§ Exercise objective
Could you copy every record below exactly, leaving out the pictures?

---*---

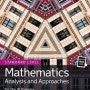 [쇼핑365 아마존직구 추천상품] Mathematics Analysis and Approaches for the IB Diploma Standard Level (Pearson In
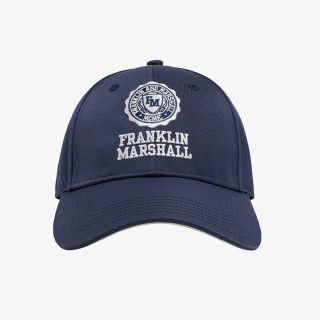 FRANKLIN & MARSHALL Šilterica CAP 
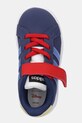 adidas gyerek sportcipő GRAND COURT 00s SNOW WHIT sötétkék JR4918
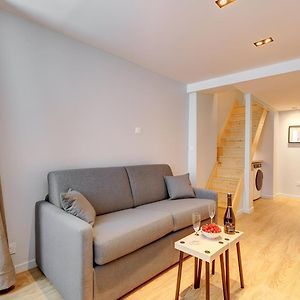 Appartement met een Slaapkamer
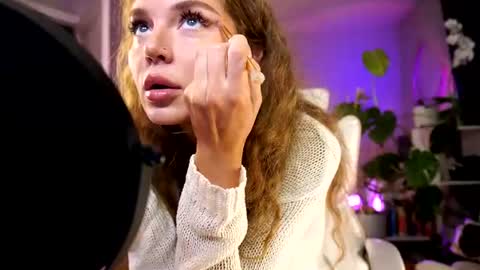 Sasha  wait you here 6 of November. will celebrate my B- day online show from June 2026 04:53:01 PM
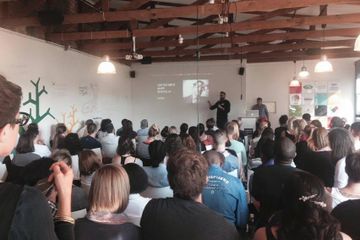 Johannesburg training rooms Meeting room Seminar Room image 6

---*---

§ Exercise output
 [쇼핑365 아마존직구 추천상품] Mathematics Analysis and Approaches for the IB Diploma Standard Level (Pearson In
 FRANKLIN & MARSHALL Šilterica CAP 
 adidas gyerek sportcipő GRAND COURT 00s SNOW WHIT sötétkék JR4918
 Appartement met een Slaapkamer
 Sasha  wait you here 6 of November. will celebrate my B- day online show from June 2026 04:53:01 PM
 Johannesburg training rooms Meeting room Seminar Room image 6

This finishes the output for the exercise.